We may take these phenomena for granted, but they are an active construction of the brain that are critical to proper function. Without the sensation that we occupy our body, we would have “out-of-body” sensations, like we were floating in space, and this would make it difficult to interface with the physical world.

Without the sense of ownership, we don’t feel like a limb is part of us, and it is therefore not incorporated into our internal model of our own body. This is the current state-of-the art for normal prosthetics – they feel like they are attached to the user, but not part of them. It therefore takes more conscious effort to use them, and control is not as good as a normal limb.

We also need sensory feedback confirming that our planned movements were actually executed, which results in the sensation that we control our body. Without this feedback loop, the result is known as “alien hand syndrome.” People feel as if their arm, for example, will suddenly start acting on its own accord, doing weird things like emptying their pockets or purse onto the floor. It seems that the sensation of control is necessary for actual conscious control, otherwise the alien limb might start acting on subconscious noise.

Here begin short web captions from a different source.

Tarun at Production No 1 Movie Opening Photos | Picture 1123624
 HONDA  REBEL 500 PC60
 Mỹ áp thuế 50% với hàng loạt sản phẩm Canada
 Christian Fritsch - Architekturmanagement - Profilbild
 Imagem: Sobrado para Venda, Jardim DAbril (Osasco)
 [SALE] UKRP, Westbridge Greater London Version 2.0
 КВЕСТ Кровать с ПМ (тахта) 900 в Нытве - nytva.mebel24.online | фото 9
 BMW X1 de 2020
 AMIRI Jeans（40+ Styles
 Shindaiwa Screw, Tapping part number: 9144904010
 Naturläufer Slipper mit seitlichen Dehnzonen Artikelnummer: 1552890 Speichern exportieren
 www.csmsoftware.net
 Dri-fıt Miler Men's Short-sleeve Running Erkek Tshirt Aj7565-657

Various researchers are therefore working on making artificial limbs that have sensation. I wrote just two months ago about one such effort, which uses vibrations to signal limb movement, resulting in some sense of ownership and control.

The new approach may be even better, or may ultimately be combined with the vibration approach. The subject had a badly injured and painful foot that needed to be amputated. Instead of a standard amputation, they connected the tendons of leg muscles that would normally move the foot in opposite directions, like lifting the foot up (called dorsiflexion) and pushing it down (plantarflexion). Therefore, the tendons would pull on each other, creating sensory feedback tied to the desired movement.

The robotic foot then used these movements to control movement of the foot. Therefore, the resulting movement was associated with a specific sensory feedback that was similar to normal sensory feedback of foot movements. The robotic limb also has sensors on it that will sense force and provide feedback to electrodes on the the skin of the real leg.

So how did this all work? The patient, Jim Ewing, reports:

Ewing could feel the sensation as soon as the robot foot was attached and tuned up. “I right away started using it as if it were my own foot,” he told STAT, without having to retrain his brain how to get the desired movements.

“Oh, wow, there’s something there,” he recalled thinking. “It’s responding. It felt kind of like my foot had returned.”

“I’m not somebody who’s really prone to dramatic emotions,” he added, “but later on when I was driving home, I really felt a strong urge to be connected to it again. Like, ‘I want to have that thing on again and feel like I have my foot back.’”

That sounds pretty successful. This fits with previous research which shows that it is fairly simple to reproduce the phenomena of ownership and control. All that is required is sensory feedback that matches other sensory feedback and internal planned movement. So, if you see and feel your arm being touched, that creates the sensation that the arm is part of you, that it is you. If you try to raise your arm and you feel it raise, then you have the sense of control.

The surgeons in this case also observed (and you can see the video at the linked page) that Ewing would fidget with his artificial foot while not paying attention. They report this is an entirely new phenomenon, not seen previously with prosthetic limbs. It shows that the subconscious loop has been closed, and Ewing’s brain is treating the artificial foot as if it were part of him.

Obviously this is a single case report. A larger study with multiple individuals needs to be complete to see what the success rate of this procedure is. I am also curious to see how applicable it will be, meaning how many patients requiring amputation will have anatomy suitable to this procedure (depending mostly on the level of the amputation). Also, can this procedure be retrofitted to patients who have already had their amputation?

The good news is that this is yet more evidence that brain-machine-brain interfaces are plausible and can be achieved with current technology. We can make robotic limbs that will feel entirely natural. Hacking the sensory feedback circuits of the brain turned out to be easier than originally suspected, and brain plasticity can adapt to new interfaces.

This puts us on a trajectory that mostly involves just incrementally advancing the technology. We are not quite at the “bionic man” level, but we can see a path to that eventuality.